→ Instructions for the task:
The records below are to be restated word for word, with every picture left out.

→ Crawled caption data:
____________
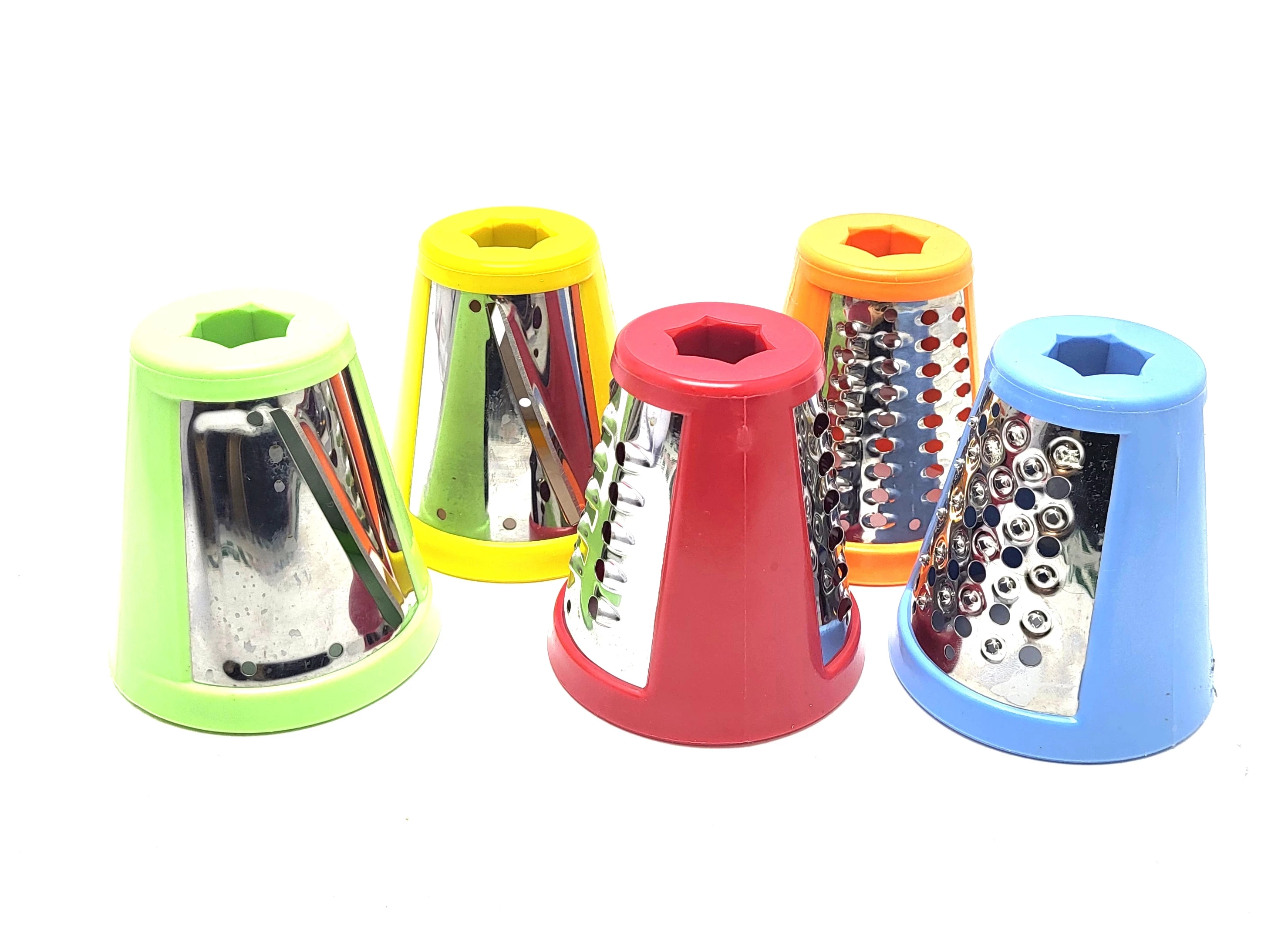 szatkownica-silvercrest-sgr-150-stan-11323-238062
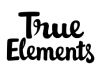 True Elements Coupons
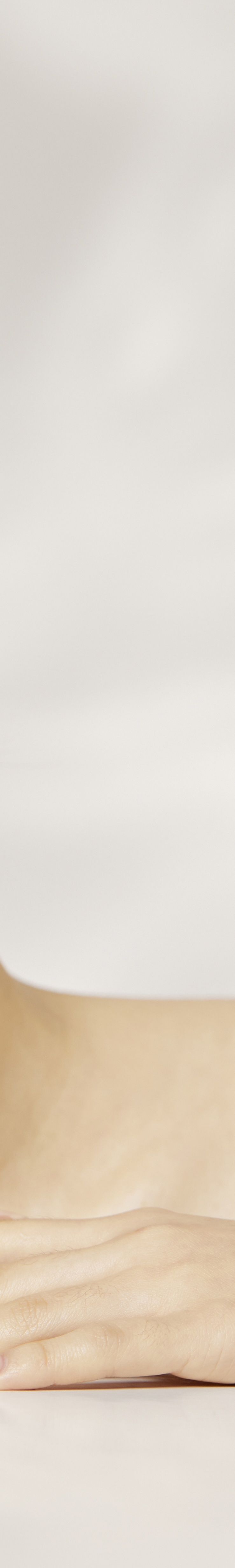 서초써마지 본인에게 맞는지 꼼꼼하게 알아봐야 관련 이미지 29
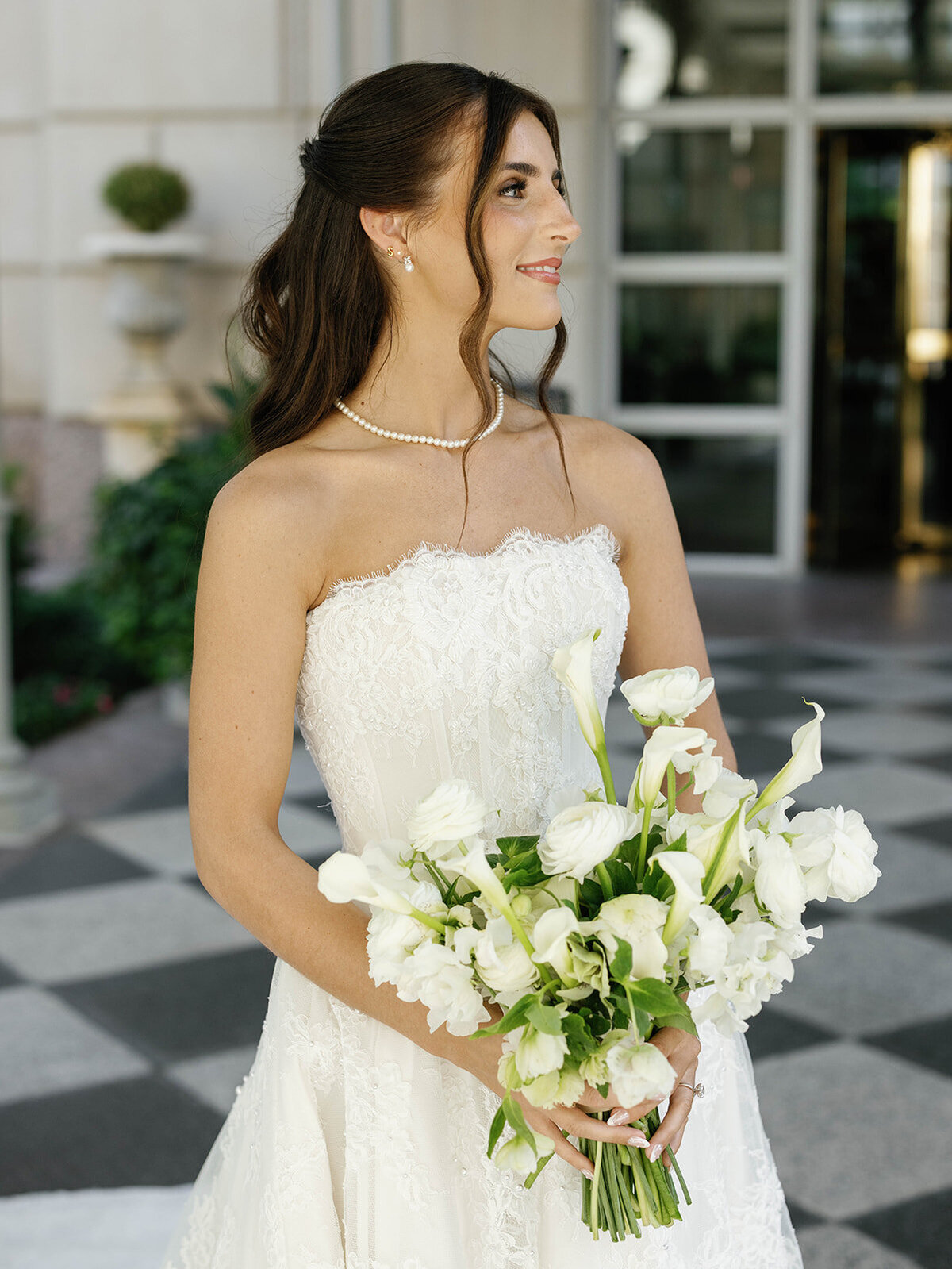 ReillyErinPhotography_WeddingPhotographer45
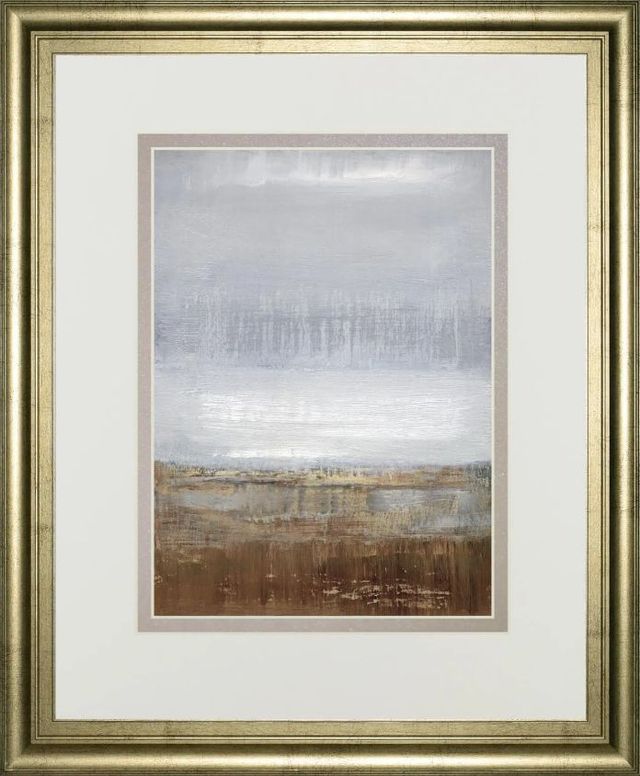 Classy Art Everglades by Caroline Gold Wall Art-0
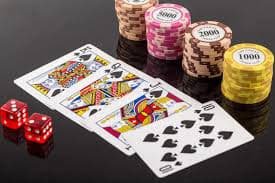 organized tkgm live casino layout helping adults browse real-time table content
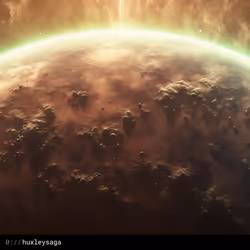 72907708391721729067103182551954874750695352512873244475818158245103015336924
____________
→ Answer to this problem:
 szatkownica-silvercrest-sgr-150-stan-11323-238062
 True Elements Coupons
 서초써마지 본인에게 맞는지 꼼꼼하게 알아봐야 관련 이미지 29
 ReillyErinPhotography_WeddingPhotographer45
 Classy Art Everglades by Caroline Gold Wall Art-0
 organized tkgm live casino layout helping adults browse real-time table content
 72907708391721729067103182551954874750695352512873244475818158245103015336924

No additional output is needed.